L'imputato ha negato anche di essere mai stato nella stazione di Mumbai, nell'ospedale Cama, a Girgaum Chowpati, dove fu arrestato dalla polizia, e ha detto di non aver mai sequestrato una auto mentre era in fuga perché, ha assicurato, "ero già nelle mani della polizia da tre giorni quando l'attacco terroristico è avvenuto".
Solo dopo, ha aggiunto, "sono stato portato sul luogo con un veicolo della polizia che aveva bisogno di un imputato" somigliante a uno dei terroristi uccisi in azione, Abu Alì.

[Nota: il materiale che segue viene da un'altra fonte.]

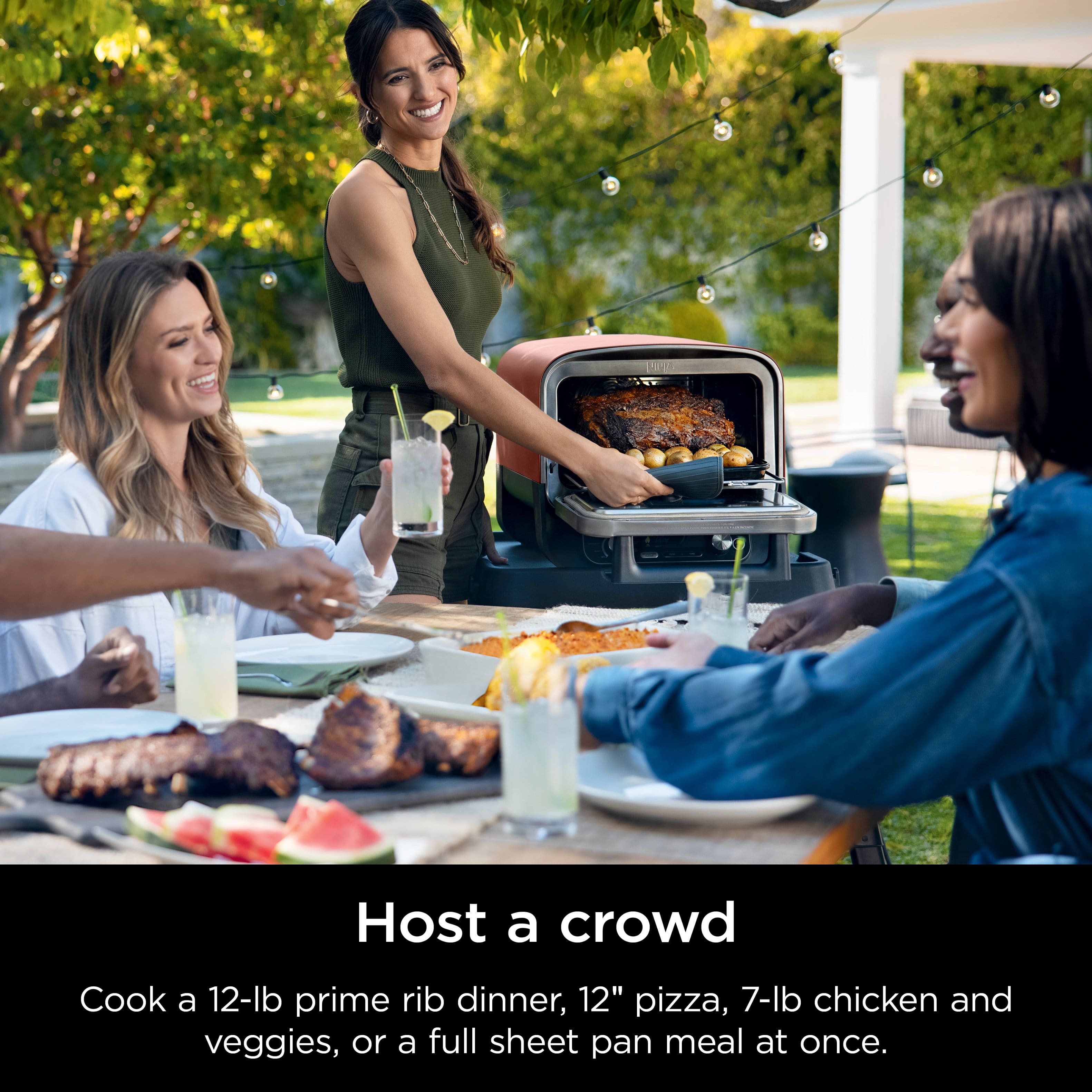 Host a crowd by cooking a 12-lb prime rib dinner, 12" pizza, 7-lb chicken, and veggies or a full sheet pan meal all at once.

A una domanda riguardante la ferita d'arma da fuoco procuratasi al braccio quel giorno, Kasab ha risposto che "é stata la polizia che me l'ha fatta". Infine il giovane ha sostenuto che l'obiettivo che l'aveva portato a Mumbai dal Pakistan era "l'ambizione di poter lavorare nel cinema di Bollywood" insieme ad amici che già erano là.